4.1.3. Test Set Performance
A separate test subset containing sonar surveys not present in the training or validation data was used to evaluate model generalization. All test-set metrics were computed using Supervision v0.27.0 at IoU = 0.5 to ensure consistent evaluation across architectures (
Table 3). Substantial performance degradation was observed for all three models relative to validation, indicating a domain shift between curated training imagery and the more heterogeneous test surveys.
At first glance, RF-DETR appears to be the strongest model on the test set, achieving the highest mAP@50–95 (0.148) and an almost perfect recall@50 (0.979). However, its precision@50 collapses to 0.006, meaning nearly every prediction is a false positive. This behavior inflates mAP because COCO-style mAP integrates performance across the entire confidence range, including extremely low thresholds where RF-DETR produces large numbers of low-confidence detections. As a result, RF-DETR’s high mAP reflects sensitivity rather than discriminative reliability, and does not translate into usable performance at practical operating points.
The YOLO models exhibit more balanced precision–recall behavior. YOLOv12 achieves the highest F1@50 (0.348) and substantially higher recall (0.263) than YOLOv26 (0.085). YOLOv26 attains the highest precision (0.667) but misses most true crab pots, resulting in a low F1. Both YOLO models show generalization loss relative to validation but maintain responsive thresholds that can be tuned for operational use. In contrast, despite detecting nearly every pot, RF-DETR’s extreme false-positive rate renders it functionally unusable without aggressive post-processing.

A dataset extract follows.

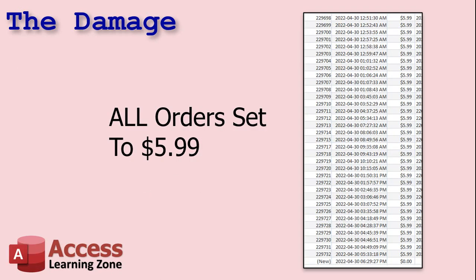I went to check out the order table and yep, wouldn't you know it, every order had its merchandise total field set to $5.99. I killed access before it changed the other fields, but still, the damage is done. It changed most of the orders in that table to $5.99.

4.2. Implementation Evaluation
The implementation-level evaluation assessed the end-to-end performance of each model architecture in the GhostVision sonar-processing pipeline. This enabled determining operational behavior under real survey conditions, geolocation uncertainty, and moving-window inference. This revealed performance patterns not fully reflected in the validation or test-set metrics, particularly with respect to false-positive behavior, temporal stability, and threshold sensitivity. Each evaluation utilized a 3 m radius to match a detection with a manually identified crab pot. The 3 m radius corresponds to the typical horizontal accuracy of the consumer-grade GNSS commonly found in fishfinders. This is a conservative lower bound on total georeferencing uncertainty; heading uncertainty and slant-range conversion introduce additional error that scales with detection range. Reported performance metrics are therefore conservative estimates of operational accuracy. The findings are reported in
Table 4 and expanded upon in the following subsections.
4.2.1. Unoptimized Performance
YOLOv12 achieved the strongest overall operational performance (F1 = 0.512), followed closely by YOLOv26 (F1 = 0.497). Both YOLO variants exhibited high recall (>0.8), with YOLOv12 reaching the highest value (0.922). However, each model produced nearly twice as many false positives (300 and 266) as true positives (165 and 147), resulting in modest precision (0.355 and 0.356). RF-DETR achieved the highest recall of all models (0.939) but generated more than 1500 false positives, yielding the lowest precision (0.100) and overall performance (F1 = 0.181). Bootstrap resampling across transects confirmed these patterns: YOLOv12 exhibited the highest mean F1 (0.61; 95% CI: 0.52–0.72), YOLOv26 showed slightly lower but comparable stability (0.59; 95% CI: 0.50–0.70), and RF-DETR remained substantially weaker (0.26; 95% CI: 0.20–0.35).
4.2.2. Confidence Optimized Performance
Confidence sweeps revealed that all three models produced usable score gradients, with distinct operational tradeoffs (
Figure 4). YOLOv12 achieved the highest F1 at its optimal confidence threshold (0.72), driven by balanced precision (0.69) and recall (0.74). YOLOv26 performed similarly (F1 = 0.70), with slightly lower precision. RF-DETR reached a comparable peak F1 (0.71), but did so through a different confidence structure: precision increased sharply with threshold (0.86 at optimum) while recall declined to 0.60. This reflects a conservative scoring distribution rather than instability—RF-DETR’s F1 curve was smooth and exhibited a broad plateau, indicating consistent behavior across a range of thresholds. In contrast, the YOLO models maintained higher recall but at the cost of substantially more false positives, producing more balanced but less selective confidence gradients.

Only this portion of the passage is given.